Site information
- Controlled by: Michigan Army National Guard
- Website: minationalguard.dodlive.mil/camp-grayling/

Location
- Camp Grayling Location within Michigan
- Coordinates: 44°38′4″N 84°46′21″W﻿ / ﻿44.63444°N 84.77250°W
- Area: 147,000 acres (59,000 ha)

Site history
- Built: 1913

Garrison information
- Current commander: COL Lucas Lanzcy

= Camp Grayling =

Military training facility in Michigan, US

Camp Grayling is a military training facility located near Grayling, Michigan, United States, primarily in Crawford County, and spread over three counties.
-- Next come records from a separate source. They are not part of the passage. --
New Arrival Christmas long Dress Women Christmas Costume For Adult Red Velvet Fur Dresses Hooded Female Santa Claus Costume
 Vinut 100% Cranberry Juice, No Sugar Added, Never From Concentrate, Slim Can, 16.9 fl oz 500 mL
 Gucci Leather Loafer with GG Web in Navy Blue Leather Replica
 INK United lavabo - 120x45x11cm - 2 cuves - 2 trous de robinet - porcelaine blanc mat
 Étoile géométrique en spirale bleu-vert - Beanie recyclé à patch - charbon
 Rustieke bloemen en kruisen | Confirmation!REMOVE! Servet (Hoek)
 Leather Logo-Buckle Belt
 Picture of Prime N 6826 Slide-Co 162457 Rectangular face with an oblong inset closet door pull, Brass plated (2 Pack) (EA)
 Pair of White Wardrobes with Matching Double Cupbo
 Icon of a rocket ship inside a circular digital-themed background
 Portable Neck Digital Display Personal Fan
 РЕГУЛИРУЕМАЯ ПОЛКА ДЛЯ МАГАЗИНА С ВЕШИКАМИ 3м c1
Camp Grayling is the main training facility for the Michigan National Guard and is the largest US National Guard training facility in the United States.

== History ==

Camp Grayling was founded in 1913 on an initial grant of land from Grayling lumber baron Rasmus Hanson to the state for military training. It includes 147000 acre in Crawford, Kalkaska and Otsego counties.
Troops first started training at Camp Grayling in 1914.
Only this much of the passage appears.